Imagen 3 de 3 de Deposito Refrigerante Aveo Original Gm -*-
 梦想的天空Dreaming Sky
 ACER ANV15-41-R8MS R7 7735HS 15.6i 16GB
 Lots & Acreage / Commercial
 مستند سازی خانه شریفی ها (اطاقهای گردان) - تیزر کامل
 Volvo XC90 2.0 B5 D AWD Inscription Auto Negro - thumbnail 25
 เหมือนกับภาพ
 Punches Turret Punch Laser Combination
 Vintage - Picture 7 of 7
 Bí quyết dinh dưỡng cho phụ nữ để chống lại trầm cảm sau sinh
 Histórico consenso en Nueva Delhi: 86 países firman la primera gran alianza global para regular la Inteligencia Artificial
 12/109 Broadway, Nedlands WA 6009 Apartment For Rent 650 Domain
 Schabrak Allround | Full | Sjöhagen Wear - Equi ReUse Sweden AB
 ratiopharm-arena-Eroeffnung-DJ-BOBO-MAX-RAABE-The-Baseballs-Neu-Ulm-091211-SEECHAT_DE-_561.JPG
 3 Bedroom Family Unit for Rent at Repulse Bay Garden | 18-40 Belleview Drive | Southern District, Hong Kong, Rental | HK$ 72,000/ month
***
• _Brief_:
Where does the string "Rent" appear in the records above? Show every line that holds it.

• _Response area_:
 12/109 Broadway, Nedlands WA 6009 Apartment For Rent 650 Domain
 3 Bedroom Family Unit for Rent at Repulse Bay Garden | 18-40 Belleview Drive | Southern District, Hong Kong, Rental | HK$ 72,000/ month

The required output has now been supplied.